WHAT THE TASK ASKS.
Only an exact repetition of the entries counts as an answer.

--- START ---

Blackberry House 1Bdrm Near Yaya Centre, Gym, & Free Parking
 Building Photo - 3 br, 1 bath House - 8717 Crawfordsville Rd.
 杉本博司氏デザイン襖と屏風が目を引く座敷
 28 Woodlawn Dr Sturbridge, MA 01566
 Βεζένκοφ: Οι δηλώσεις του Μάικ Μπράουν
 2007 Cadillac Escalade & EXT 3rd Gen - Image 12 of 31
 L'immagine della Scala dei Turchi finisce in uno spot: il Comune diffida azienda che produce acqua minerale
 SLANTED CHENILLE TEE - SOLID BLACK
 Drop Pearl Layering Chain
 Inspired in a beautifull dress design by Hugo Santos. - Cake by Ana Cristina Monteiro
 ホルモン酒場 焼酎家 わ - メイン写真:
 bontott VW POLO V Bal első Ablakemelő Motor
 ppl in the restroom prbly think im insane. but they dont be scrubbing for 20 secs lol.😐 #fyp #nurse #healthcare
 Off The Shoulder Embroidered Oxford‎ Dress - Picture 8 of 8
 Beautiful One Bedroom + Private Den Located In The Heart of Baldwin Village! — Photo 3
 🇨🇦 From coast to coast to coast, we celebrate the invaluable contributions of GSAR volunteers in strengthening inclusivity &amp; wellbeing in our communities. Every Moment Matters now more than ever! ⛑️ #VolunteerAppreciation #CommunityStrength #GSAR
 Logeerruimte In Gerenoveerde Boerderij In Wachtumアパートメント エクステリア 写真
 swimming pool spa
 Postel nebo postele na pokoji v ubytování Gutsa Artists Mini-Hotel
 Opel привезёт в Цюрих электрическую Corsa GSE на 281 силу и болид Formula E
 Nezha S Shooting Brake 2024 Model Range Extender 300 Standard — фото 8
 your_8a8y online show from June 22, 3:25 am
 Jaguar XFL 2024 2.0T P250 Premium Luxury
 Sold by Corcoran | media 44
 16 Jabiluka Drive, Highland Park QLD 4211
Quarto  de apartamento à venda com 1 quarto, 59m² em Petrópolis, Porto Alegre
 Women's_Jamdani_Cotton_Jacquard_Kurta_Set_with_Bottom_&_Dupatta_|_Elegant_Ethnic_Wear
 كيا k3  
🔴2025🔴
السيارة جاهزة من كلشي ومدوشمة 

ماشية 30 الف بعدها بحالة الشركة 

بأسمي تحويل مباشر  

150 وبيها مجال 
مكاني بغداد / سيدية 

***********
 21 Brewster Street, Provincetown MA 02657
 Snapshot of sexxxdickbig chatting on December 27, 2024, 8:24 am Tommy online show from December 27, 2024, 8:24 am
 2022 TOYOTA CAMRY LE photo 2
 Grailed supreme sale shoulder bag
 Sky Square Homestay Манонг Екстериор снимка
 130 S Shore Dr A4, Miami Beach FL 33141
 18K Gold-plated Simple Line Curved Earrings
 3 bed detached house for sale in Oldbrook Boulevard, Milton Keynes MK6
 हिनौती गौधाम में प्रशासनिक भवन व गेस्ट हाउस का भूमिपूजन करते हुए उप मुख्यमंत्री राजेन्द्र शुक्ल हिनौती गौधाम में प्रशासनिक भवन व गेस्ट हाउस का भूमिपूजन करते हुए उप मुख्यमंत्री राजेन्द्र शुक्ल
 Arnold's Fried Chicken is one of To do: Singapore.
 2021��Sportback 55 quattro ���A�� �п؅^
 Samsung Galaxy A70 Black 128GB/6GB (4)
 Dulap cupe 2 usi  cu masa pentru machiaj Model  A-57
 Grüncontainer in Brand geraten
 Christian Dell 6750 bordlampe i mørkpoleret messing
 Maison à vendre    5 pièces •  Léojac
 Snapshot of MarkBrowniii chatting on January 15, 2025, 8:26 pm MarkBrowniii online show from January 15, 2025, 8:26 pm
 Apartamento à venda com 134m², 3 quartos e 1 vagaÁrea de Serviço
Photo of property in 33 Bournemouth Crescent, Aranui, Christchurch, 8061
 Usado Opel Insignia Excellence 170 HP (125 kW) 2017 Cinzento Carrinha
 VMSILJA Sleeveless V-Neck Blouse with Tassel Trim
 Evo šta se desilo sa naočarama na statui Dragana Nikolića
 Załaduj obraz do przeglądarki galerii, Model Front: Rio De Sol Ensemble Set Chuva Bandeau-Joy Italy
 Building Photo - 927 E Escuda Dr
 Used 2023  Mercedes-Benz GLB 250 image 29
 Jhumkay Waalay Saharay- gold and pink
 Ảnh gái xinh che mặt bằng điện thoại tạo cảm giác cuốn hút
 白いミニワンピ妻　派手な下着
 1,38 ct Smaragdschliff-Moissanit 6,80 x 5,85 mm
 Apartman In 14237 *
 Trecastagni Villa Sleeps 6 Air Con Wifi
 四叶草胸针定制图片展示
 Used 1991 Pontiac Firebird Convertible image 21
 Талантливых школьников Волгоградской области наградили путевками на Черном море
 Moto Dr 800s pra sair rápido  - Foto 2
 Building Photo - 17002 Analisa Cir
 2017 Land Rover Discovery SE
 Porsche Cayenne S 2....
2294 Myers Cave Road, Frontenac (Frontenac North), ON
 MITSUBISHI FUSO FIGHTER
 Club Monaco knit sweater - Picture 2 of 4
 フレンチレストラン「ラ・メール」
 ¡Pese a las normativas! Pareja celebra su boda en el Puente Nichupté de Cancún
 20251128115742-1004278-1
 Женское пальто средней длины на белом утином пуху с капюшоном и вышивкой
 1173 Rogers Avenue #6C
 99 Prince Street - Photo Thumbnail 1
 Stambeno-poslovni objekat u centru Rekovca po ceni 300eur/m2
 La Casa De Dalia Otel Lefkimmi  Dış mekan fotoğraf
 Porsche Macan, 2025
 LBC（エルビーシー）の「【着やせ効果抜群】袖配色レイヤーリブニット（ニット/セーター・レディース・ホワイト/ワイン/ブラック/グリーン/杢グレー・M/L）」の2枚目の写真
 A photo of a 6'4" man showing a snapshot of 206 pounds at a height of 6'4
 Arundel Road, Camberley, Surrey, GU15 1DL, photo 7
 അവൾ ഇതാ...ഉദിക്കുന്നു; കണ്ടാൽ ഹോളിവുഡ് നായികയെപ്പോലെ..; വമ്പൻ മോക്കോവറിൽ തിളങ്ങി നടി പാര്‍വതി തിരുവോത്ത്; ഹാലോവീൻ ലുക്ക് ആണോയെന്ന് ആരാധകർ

--- END ---

EXERCISE OUTPUT.
Blackberry House 1Bdrm Near Yaya Centre, Gym, & Free Parking
 Building Photo - 3 br, 1 bath House - 8717 Crawfordsville Rd.
 杉本博司氏デザイン襖と屏風が目を引く座敷
 28 Woodlawn Dr Sturbridge, MA 01566
 Βεζένκοφ: Οι δηλώσεις του Μάικ Μπράουν
 2007 Cadillac Escalade & EXT 3rd Gen - Image 12 of 31
 L'immagine della Scala dei Turchi finisce in uno spot: il Comune diffida azienda che produce acqua minerale
 SLANTED CHENILLE TEE - SOLID BLACK
 Drop Pearl Layering Chain
 Inspired in a beautifull dress design by Hugo Santos. - Cake by Ana Cristina Monteiro
 ホルモン酒場 焼酎家 わ - メイン写真:
 bontott VW POLO V Bal első Ablakemelő Motor
 ppl in the restroom prbly think im insane. but they dont be scrubbing for 20 secs lol.😐 #fyp #nurse #healthcare
 Off The Shoulder Embroidered Oxford‎ Dress - Picture 8 of 8
 Beautiful One Bedroom + Private Den Located In The Heart of Baldwin Village! — Photo 3
 🇨🇦 From coast to coast to coast, we celebrate the invaluable contributions of GSAR volunteers in strengthening inclusivity &amp; wellbeing in our communities. Every Moment Matters now more than ever! ⛑️ #VolunteerAppreciation #CommunityStrength #GSAR
 Logeerruimte In Gerenoveerde Boerderij In Wachtumアパートメント エクステリア 写真
 swimming pool spa
 Postel nebo postele na pokoji v ubytování Gutsa Artists Mini-Hotel
 Opel привезёт в Цюрих электрическую Corsa GSE на 281 силу и болид Formula E
 Nezha S Shooting Brake 2024 Model Range Extender 300 Standard — фото 8
 your_8a8y online show from June 22, 3:25 am
 Jaguar XFL 2024 2.0T P250 Premium Luxury
 Sold by Corcoran | media 44
 16 Jabiluka Drive, Highland Park QLD 4211
Quarto  de apartamento à venda com 1 quarto, 59m² em Petrópolis, Porto Alegre
 Women's_Jamdani_Cotton_Jacquard_Kurta_Set_with_Bottom_&_Dupatta_|_Elegant_Ethnic_Wear
 كيا k3  
🔴2025🔴
السيارة جاهزة من كلشي ومدوشمة 

ماشية 30 الف بعدها بحالة الشركة 

بأسمي تحويل مباشر  

150 وبيها مجال 
مكاني بغداد / سيدية 

***********
 21 Brewster Street, Provincetown MA 02657
 Snapshot of sexxxdickbig chatting on December 27, 2024, 8:24 am Tommy online show from December 27, 2024, 8:24 am
 2022 TOYOTA CAMRY LE photo 2
 Grailed supreme sale shoulder bag
 Sky Square Homestay Манонг Екстериор снимка
 130 S Shore Dr A4, Miami Beach FL 33141
 18K Gold-plated Simple Line Curved Earrings
 3 bed detached house for sale in Oldbrook Boulevard, Milton Keynes MK6
 हिनौती गौधाम में प्रशासनिक भवन व गेस्ट हाउस का भूमिपूजन करते हुए उप मुख्यमंत्री राजेन्द्र शुक्ल हिनौती गौधाम में प्रशासनिक भवन व गेस्ट हाउस का भूमिपूजन करते हुए उप मुख्यमंत्री राजेन्द्र शुक्ल
 Arnold's Fried Chicken is one of To do: Singapore.
 2021��Sportback 55 quattro ���A�� �п؅^
 Samsung Galaxy A70 Black 128GB/6GB (4)
 Dulap cupe 2 usi  cu masa pentru machiaj Model  A-57
 Grüncontainer in Brand geraten
 Christian Dell 6750 bordlampe i mørkpoleret messing
 Maison à vendre    5 pièces •  Léojac
 Snapshot of MarkBrowniii chatting on January 15, 2025, 8:26 pm MarkBrowniii online show from January 15, 2025, 8:26 pm
 Apartamento à venda com 134m², 3 quartos e 1 vagaÁrea de Serviço
Photo of property in 33 Bournemouth Crescent, Aranui, Christchurch, 8061
 Usado Opel Insignia Excellence 170 HP (125 kW) 2017 Cinzento Carrinha
 VMSILJA Sleeveless V-Neck Blouse with Tassel Trim
 Evo šta se desilo sa naočarama na statui Dragana Nikolića
 Załaduj obraz do przeglądarki galerii, Model Front: Rio De Sol Ensemble Set Chuva Bandeau-Joy Italy
 Building Photo - 927 E Escuda Dr
 Used 2023  Mercedes-Benz GLB 250 image 29
 Jhumkay Waalay Saharay- gold and pink
 Ảnh gái xinh che mặt bằng điện thoại tạo cảm giác cuốn hút
 白いミニワンピ妻　派手な下着
 1,38 ct Smaragdschliff-Moissanit 6,80 x 5,85 mm
 Apartman In 14237 *
 Trecastagni Villa Sleeps 6 Air Con Wifi
 四叶草胸针定制图片展示
 Used 1991 Pontiac Firebird Convertible image 21
 Талантливых школьников Волгоградской области наградили путевками на Черном море
 Moto Dr 800s pra sair rápido  - Foto 2
 Building Photo - 17002 Analisa Cir
 2017 Land Rover Discovery SE
 Porsche Cayenne S 2....
2294 Myers Cave Road, Frontenac (Frontenac North), ON
 MITSUBISHI FUSO FIGHTER
 Club Monaco knit sweater - Picture 2 of 4
 フレンチレストラン「ラ・メール」
 ¡Pese a las normativas! Pareja celebra su boda en el Puente Nichupté de Cancún
 20251128115742-1004278-1
 Женское пальто средней длины на белом утином пуху с капюшоном и вышивкой
 1173 Rogers Avenue #6C
 99 Prince Street - Photo Thumbnail 1
 Stambeno-poslovni objekat u centru Rekovca po ceni 300eur/m2
 La Casa De Dalia Otel Lefkimmi  Dış mekan fotoğraf
 Porsche Macan, 2025
 LBC（エルビーシー）の「【着やせ効果抜群】袖配色レイヤーリブニット（ニット/セーター・レディース・ホワイト/ワイン/ブラック/グリーン/杢グレー・M/L）」の2枚目の写真
 A photo of a 6'4" man showing a snapshot of 206 pounds at a height of 6'4
 Arundel Road, Camberley, Surrey, GU15 1DL, photo 7
 അവൾ ഇതാ...ഉദിക്കുന്നു; കണ്ടാൽ ഹോളിവുഡ് നായികയെപ്പോലെ..; വമ്പൻ മോക്കോവറിൽ തിളങ്ങി നടി പാര്‍വതി തിരുവോത്ത്; ഹാലോവീൻ ലുക്ക് ആണോയെന്ന് ആരാധകർ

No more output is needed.